Martin Baxter wrote:
JimC wrote:

And you did take math, and geometry in high school? Consider a typical
crew of two people (assume total weight of 350 lbs) and a skipper of 230
lbs. (about my weight). Assuming that the skipper is sitting on the
captain's chair, about 1.5 ft forward of the center of the motor, and
about 16 feet aft of the center of mass. Assuming that the two crew
members are sitting two and three feet forward of the captain,
respectively, their total mass will be the equivalent of 350 pounds
positioned about 14.5 feet from the center of mass about which the boat
has a tendency to pitch. The motor, at about 220 pounds is about 17.5
feet from the center of mass. Squaring the distances, the relative
values of the rotational momentum of the skipper and crew are more than
twice that of the motor, despite the fact that they are closer to the
center of mass. Once again, Jeff, your theories are simply wrong. (If
you wish, I'll provide the calculations and "foot pounds" or whatever,
in greater detail.)

Jim:

I thought I'd run your numbers through my calculator, just for fun:

(14.5ft)^2*350lbs=7.36E4ft^2-lbs , that's 73,600 for the exponent
challenged.

(17.5ft)^2*220lbs=6.74E4ft^2-lbs , 67,400 ....
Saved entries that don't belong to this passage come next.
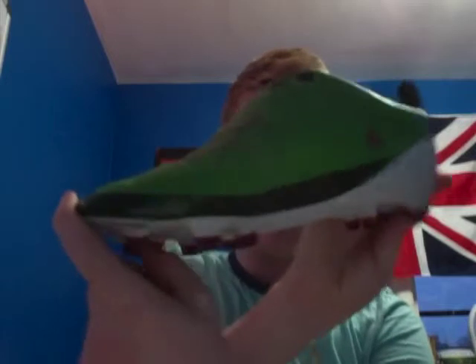The F50 range from Adidas is the range I would recommend all users buy. It's absolutely fantastic. I'm going to be going over the individual generations and how they affected football and football boots for the future. In my hand, I have the first generation of F50 football boots.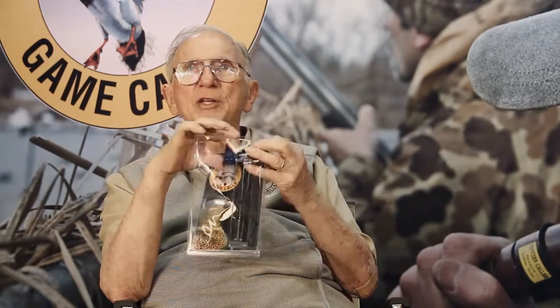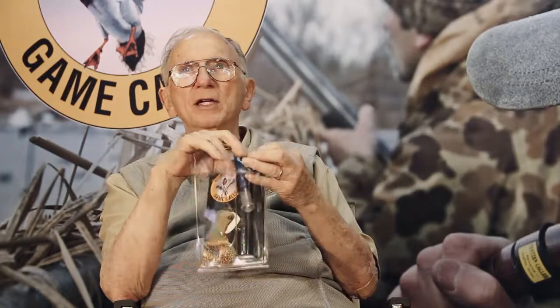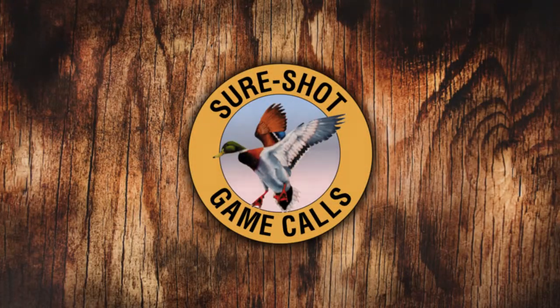Do that a few times and you're going to have them right in your decoys. That's a blue-winged teal sound. Thank you.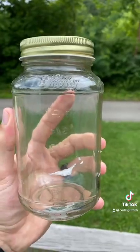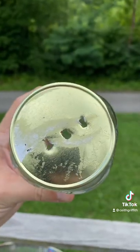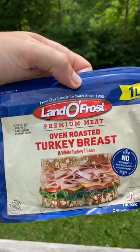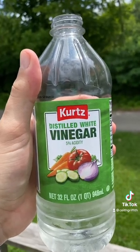If you're having a problem with flies, I'm gonna show you how to get rid of them. Get you a mason jar and poke three holes in the top just like this. Add two slices of any lunch meat to the bottom of the mason jar, then add four ounces of white vinegar to the mason jar.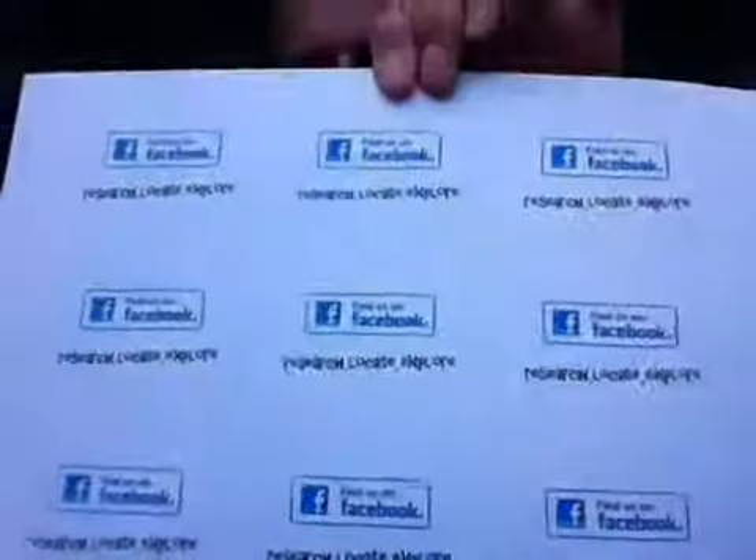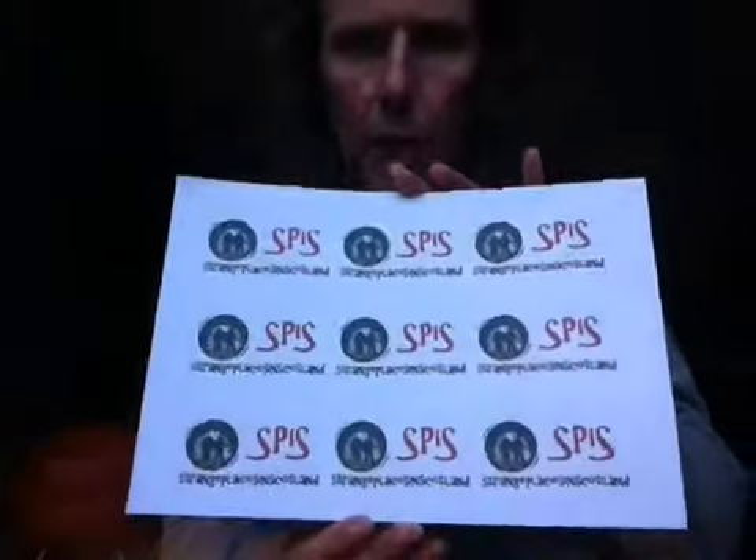Here they come, hot off the press. I'd just like to show you the hard work that we put in here at Spizz — or that I put in here at Spizz — just on a sheet of Spizz cards so you can see them. And on the back we have the Facebook, research, locate, explore.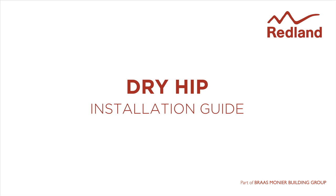The Redland Dry Hip system has delivered years of trouble-free service on tens of thousands of properties throughout the UK, with very high resistance to storm damage and no wet trades required. Concerns about mortar failure can be ignored.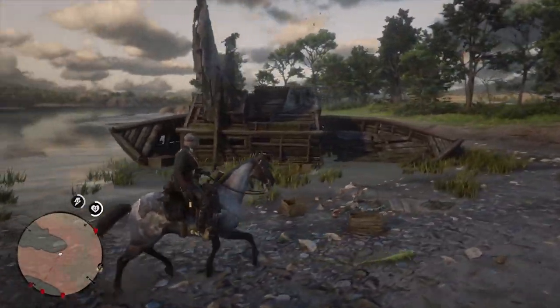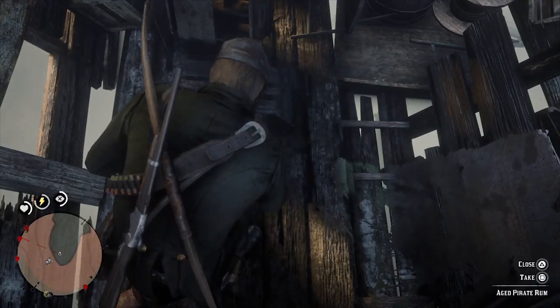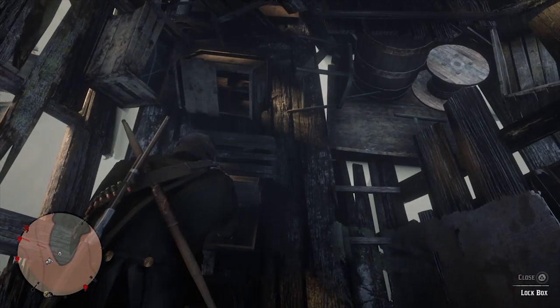When you get to this point you'll see that there's an old shipwreck. Walk into the shipwreck from the north side and you'll spot a lockbox here with some aged pirate rum inside of it, so that's worth grabbing on your way through.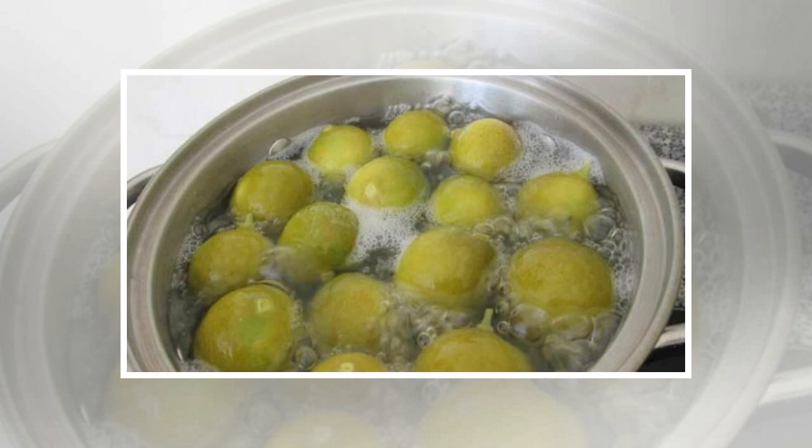Recipe ingredients: 2 liters of purified water, 4 to 5 cloves of garlic, 5 lemons, and 1-inch pieces of ginger.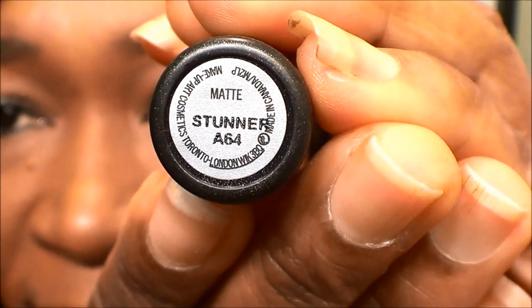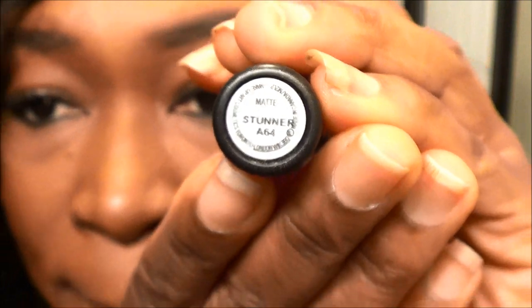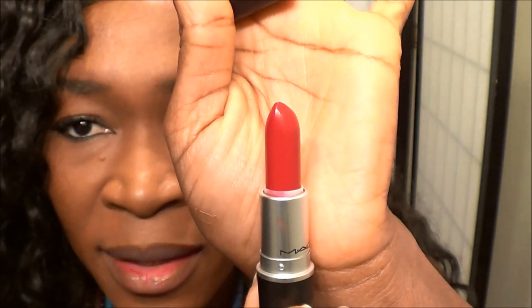Up next I have Stunner lipstick, and this is also a matte lipstick. And it is the red one, as you can see — it's red and very pretty. This lipstick also feels very smooth. It's matte, and it's not overly drying like some other matte lipsticks. I like the feel of it on my lips. And even when I was putting it on, it glides on very smooth and I didn't get any crusty lips or anything like that. You want to make sure your lips are not dry, but I love this one — it's so pretty. Perfect for the holidays.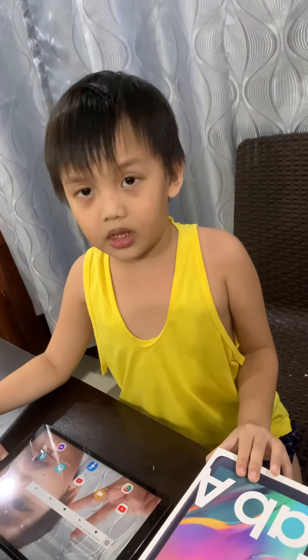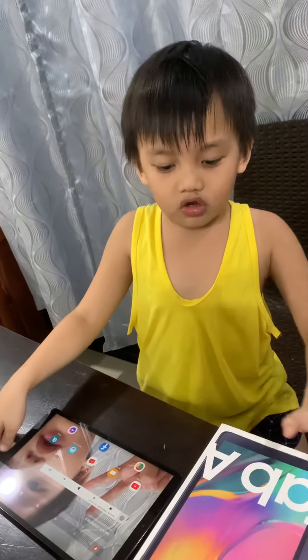Bye guys! If you like our video, please subscribe and hit the bell button. Let me know in the comments.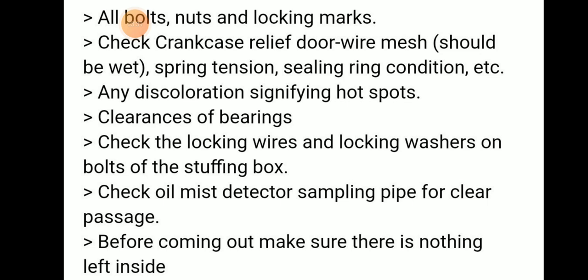Check the oil mist detector sampling pipe for any clear passage. Before coming out, we should make sure that nothing is left inside the crankcase. These are the procedures and checks that need to be done during crankcase inspection.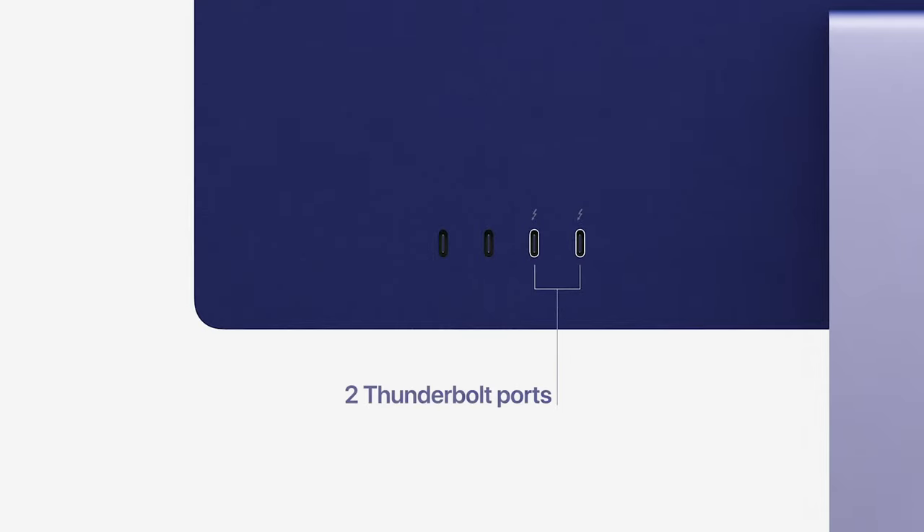The storage is 256GB, which is very tight, but that's the price point. At this price you get 256GB storage and two Thunderbolt ports, also known as USB 4.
Maybe you think that 73,600 is more than TWICE 67,400, but I beg to
differ. To a physicist, they're essentially the same thing.

Point to Jeff.

Gawd, I don't believe other people are still reading this!

Thanks for doing the math, but the are a few problems here. Jim uses
his weight (230 lbs) when clearly this should be done with a
"standard" weight (160 lbs). Secondly, Jim invents the figure of 16
feet forward of the helm seat for the center of mass, which puts it
only 8.5 feet aft of the bow! Clearly, it has to be more like 11-12
feet forward of the stern. This has a huge affect on the r^2 part of
the formula, especially for the crew forward of the helm.